Ma sì, spendiamo qualche parola per Fini, prima dello showdown di domani nella Direzione del Pdl. Gliene stanno dicendo di tutti i colori, da ogni parte. C’è chi – da dentro – gli dà del traditore, dell’ingrato, del venduto, fino ad arrivare alla tesi feltriana della psicolabilità. C’è chi – da fuori – lo scruta con commiserazione, come a dire ‘guarda in che guaio si è andato a ficcare, ha sbagliato tempi e modi, ne uscirà certamente con le ossa rotte’.

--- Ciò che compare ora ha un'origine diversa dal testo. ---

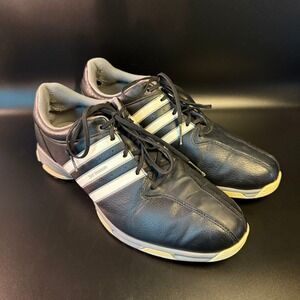 Adidas 360 Traxion Golf Shoes Leather Black‎ White Striped Mens Size 10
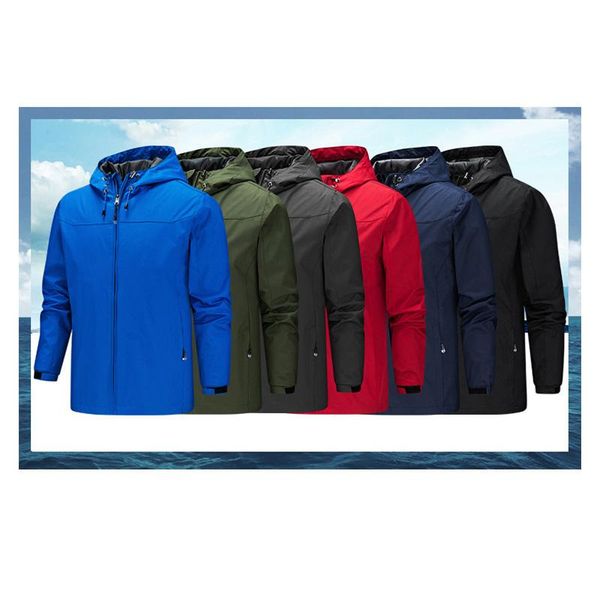 

men's jackets spring autumn solid color zipper pocket fashion casual sports outdoor windproof waterproof male hooded coat s-5xl, Black;brown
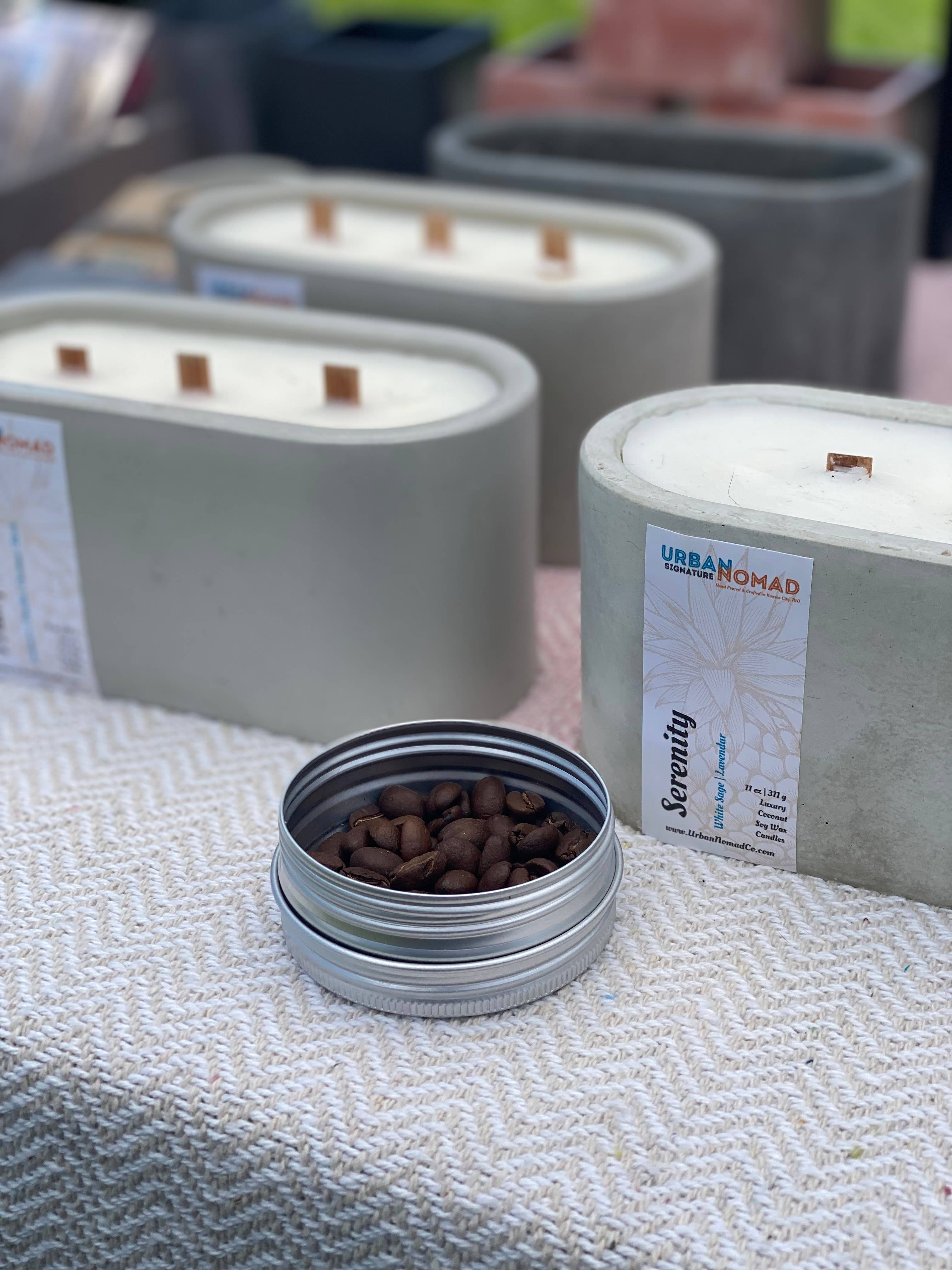 Urban Nomad - Wholesale Jar/Filled Candle - Serenity | Luxury Coconut Soy Concrete Candle0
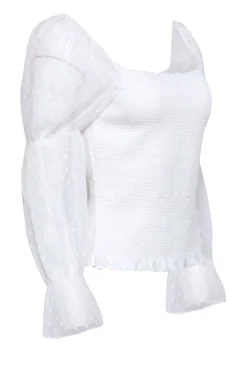 Ecru - White Textured Smocked Long Sleeve Top Sz M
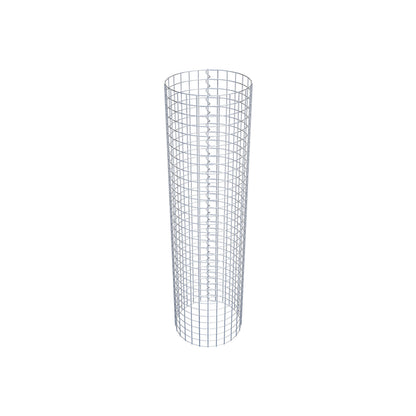 Schanskorfzuil rond 42 cm diameter, 160 cm hoogte, maaswijdte 5 cm x 5 cm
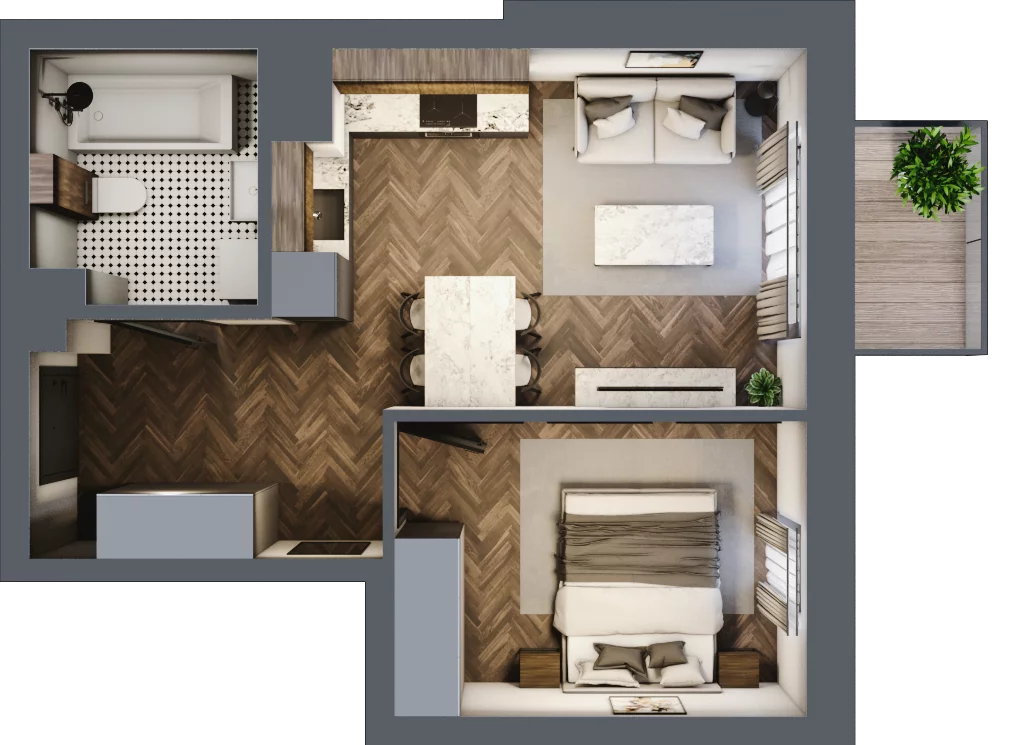 2 pokoje, mieszkanie 37,72 m², piętro 1, oferta nr B.1.34.2a, Atrium, Łódź, Polesie, Stare Polesie, ul. kpt. Stefana Pogonowskiego 44/46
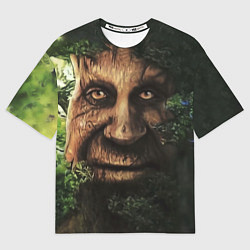 Футболка оверсайз мужская Дерево с лицом мем Мудрое дерево, цвет: 3D-принт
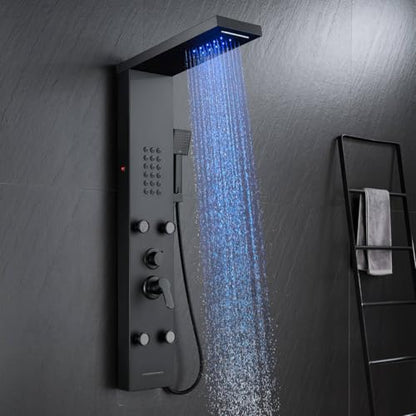 ROVATE 5 in 1 LED Rainfall Waterfall Shower Panel, Matte Black | High Pressure Stainless Steel Shower Tower with 4 Angle Adjustable Body Jets, Flexible Handheld, Waterfall Tub Spout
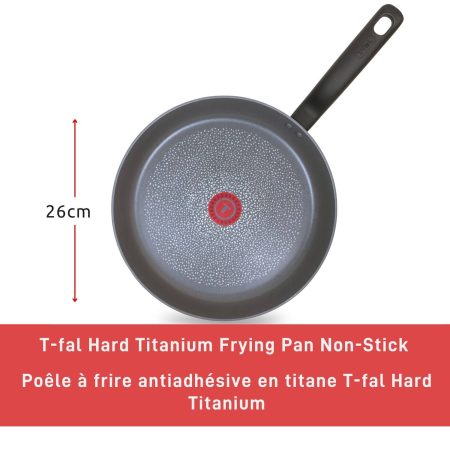 T-fal Hard Titanium Frying Pan Non-Stick, Dishwasher & Oven Safe, Black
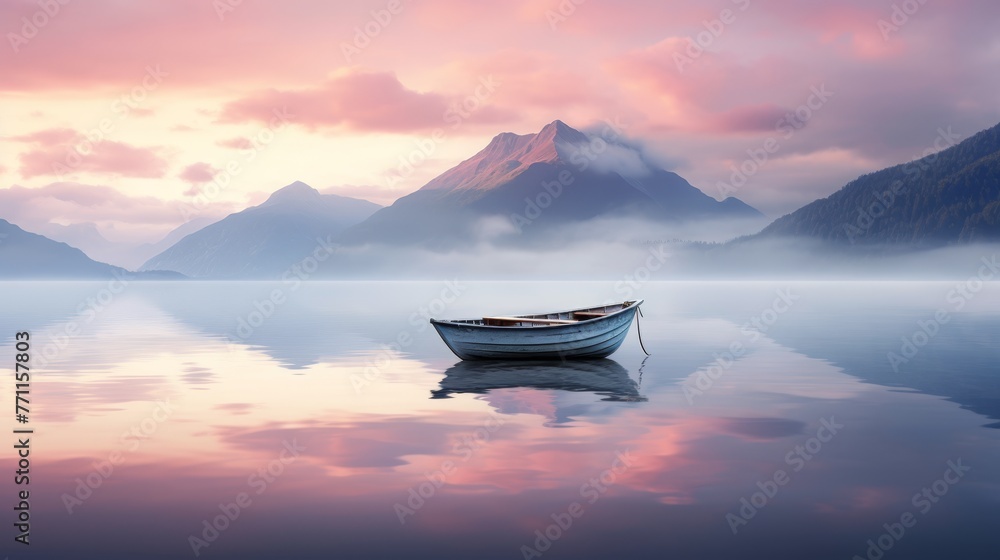 Poster a solitary boat floating on a calm mountain lake creating a tranquil and minimalist scene with refle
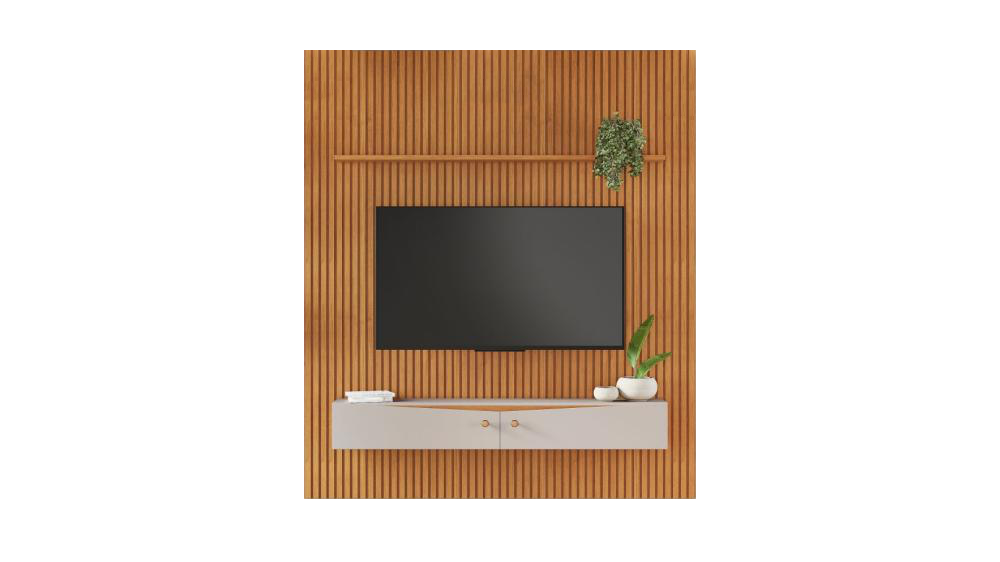 Home Suspenso até 75″ Riso Cinamono/Off White - Móveis furniture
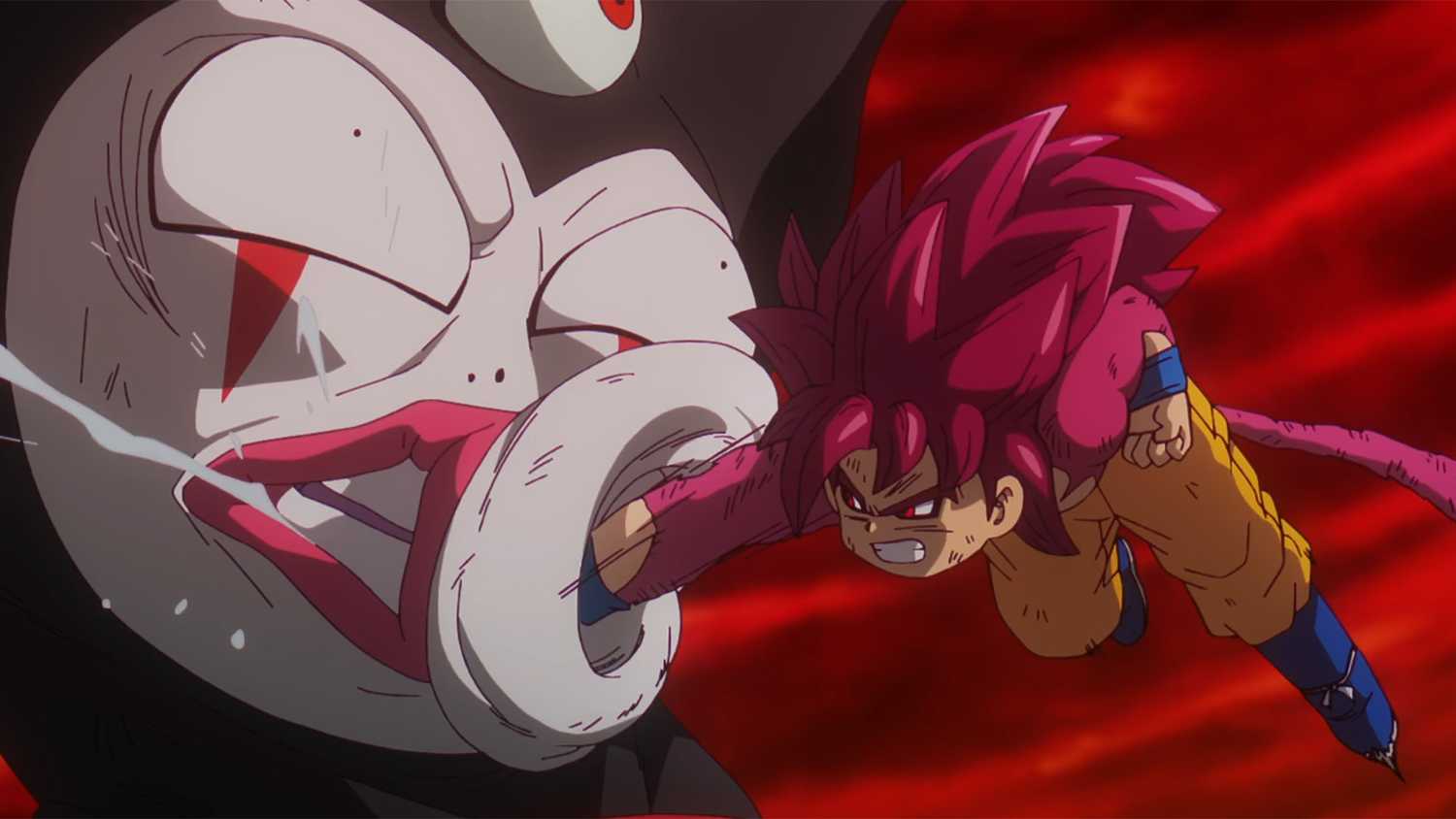 Goku Super Saiyajin 4 (criança) enfrentando Gomah em Dragon Ball Daima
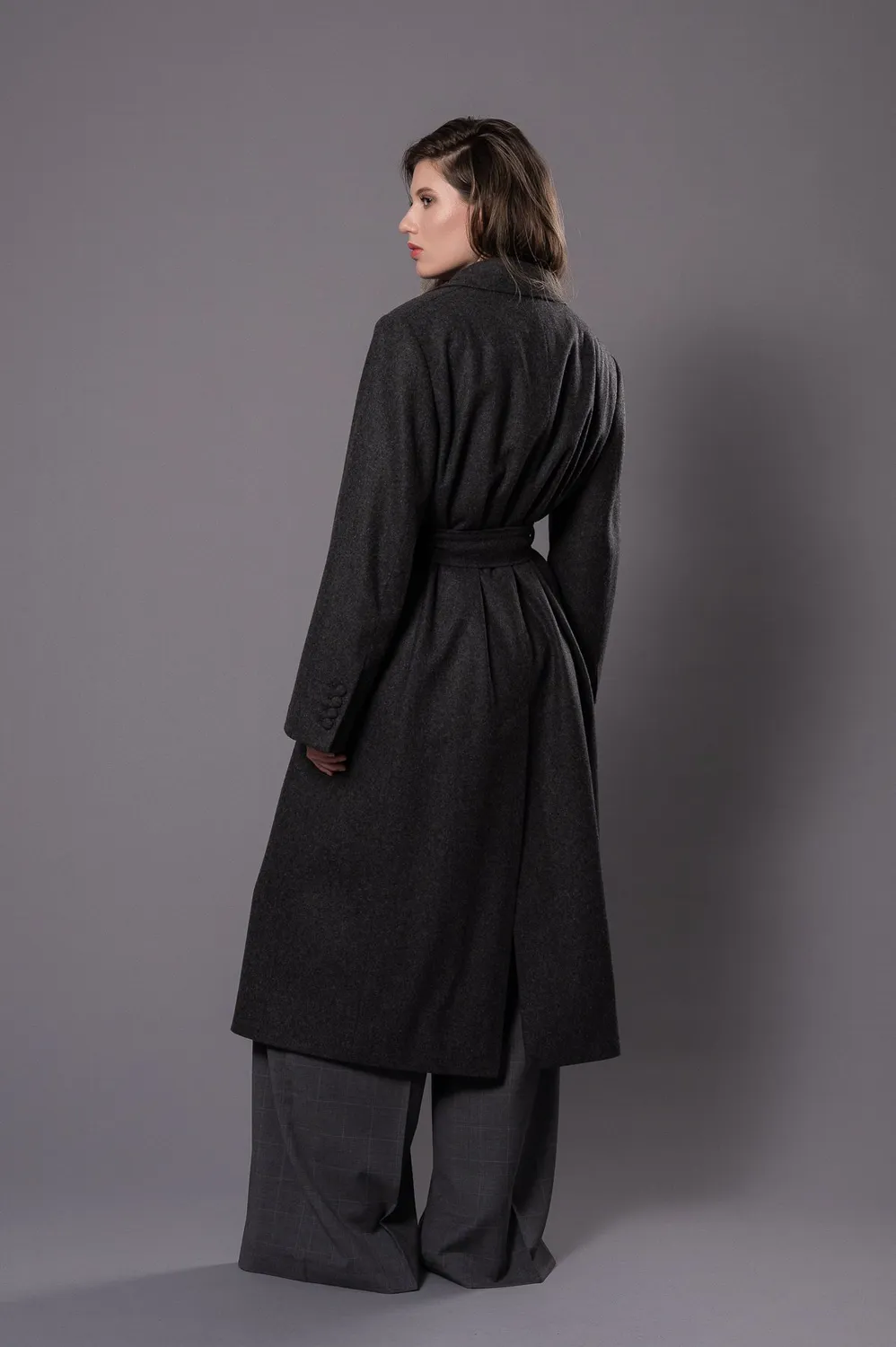 Dualitae Magda palton oversized gri antracit lânâ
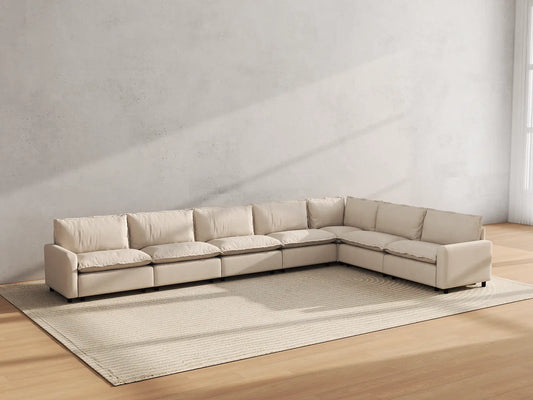 Modular Cero Modular Sectionals | 7-Piece Beige Linen Large Space V-Shaped Sectionals 7-Seater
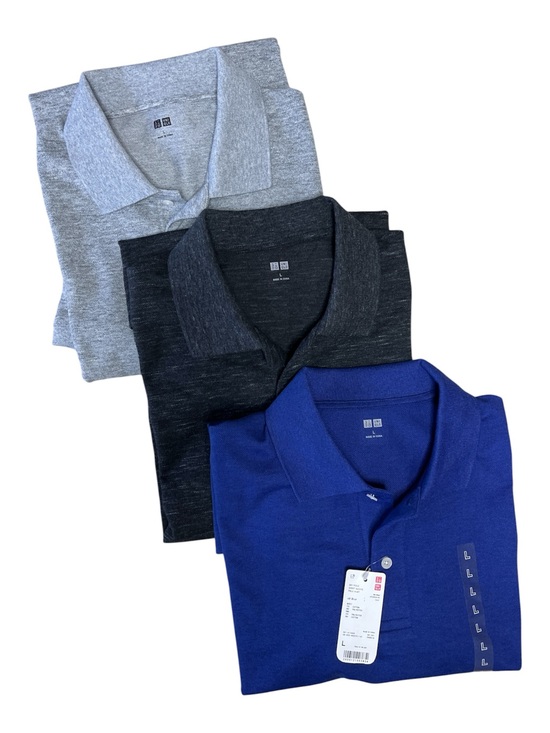 Uniqlo Other - Bundle of 3 Uniqlo Men’s Dry Pique Polos - Blue, Grey, Charcoal - Size L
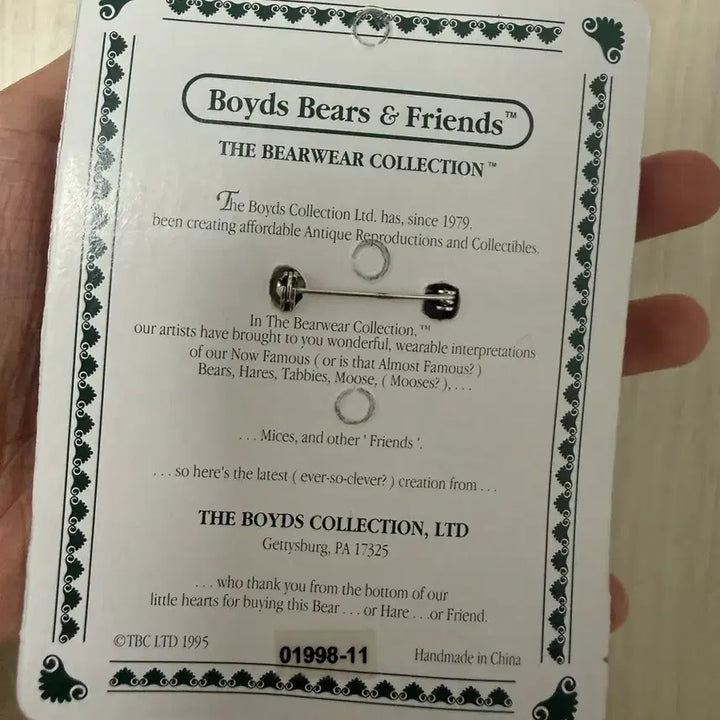 [BUNJANG] Boyds Bear Pin / 보이즈 베어 핀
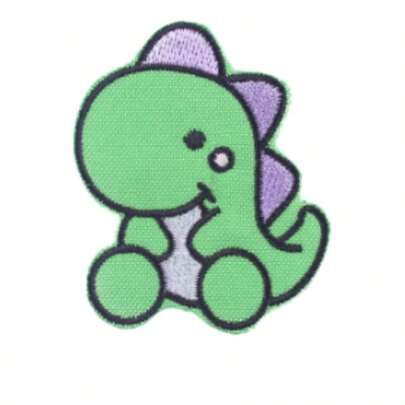 1片绿色卡通恐龙刺绣布贴，适用于DIY牛仔裤、夹克、服装、包包、帽子修补和装饰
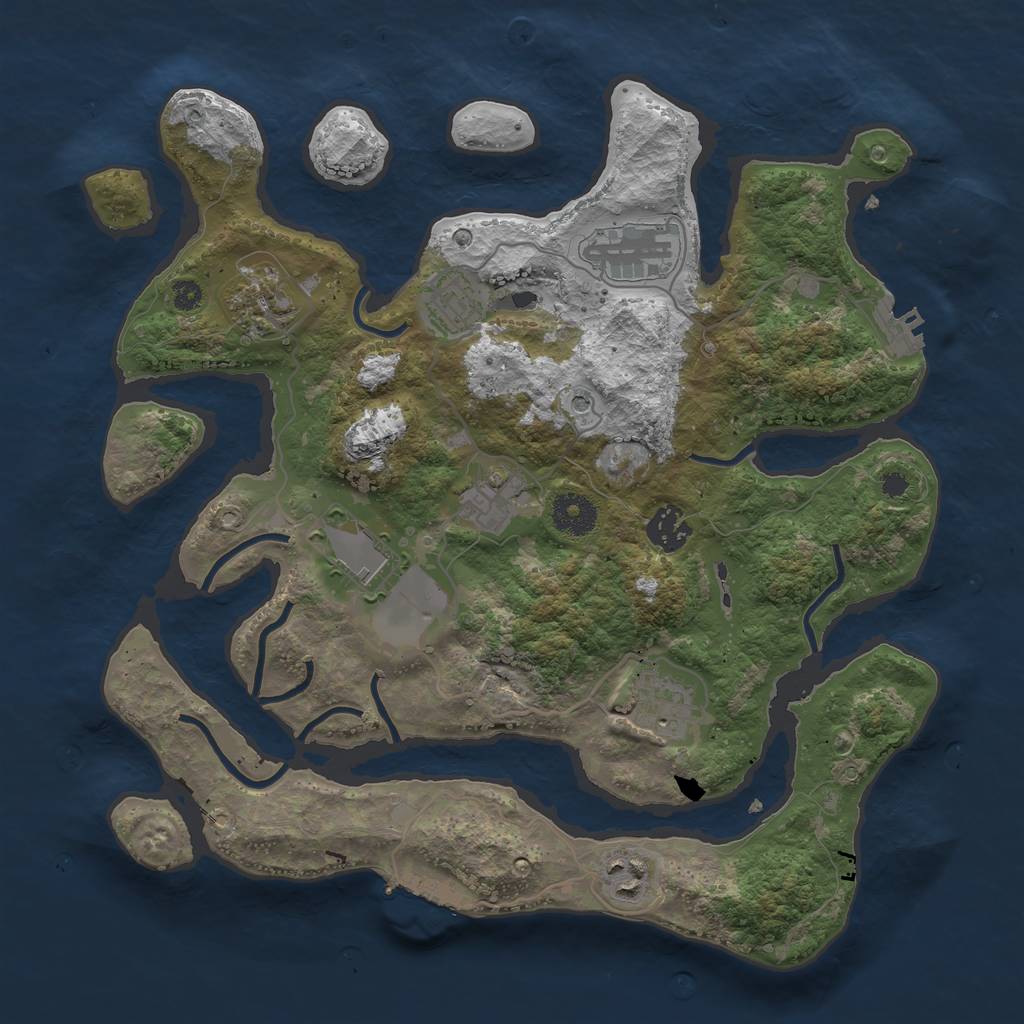 Rust Map: Procedural Map, Size: 3500, Seed: 574732630, 13 Monuments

Proviamo a vedere la cosa da un altro punto di vista, che è poi quello che dovrebbe maggiormente interessare. Ma dov’è che le cose andrebbero approfondite e discusse, se non in quei luoghi chiamati partiti? Questo signore è ormai da qualche anno che va prendendo posizione sui temi più diversi (giustizia, immigrazione, diritti civili), sostenendo tesi che non coincidono con quelle dominanti nel suo partito. Che cosa dovrebbe fare? Tacere o andare via, è questa l’alternativa?
Io penso che dalla vicenda di questi giorni emerga un tema serio – quello della vita democratica interna ai partiti – che non può essere ridotto al presente e al futuro di Gianfranco Fini. I partiti italiani sono ormai dei simulacri, dei non-luoghi che servono solo a veicolare i finanziamenti pubblici e a parcheggiare qualche vecchio funzionario. Potrebbero e dovrebbero invece tornare ad essere moderni spazi di democrazia e di organizzazione del potere, come avviene in tutto il mondo. Organismi in cui le classi dirigenti, con certezza di regole, discutono posizioni e strategie, definiscono organigrammi, decidono leadership.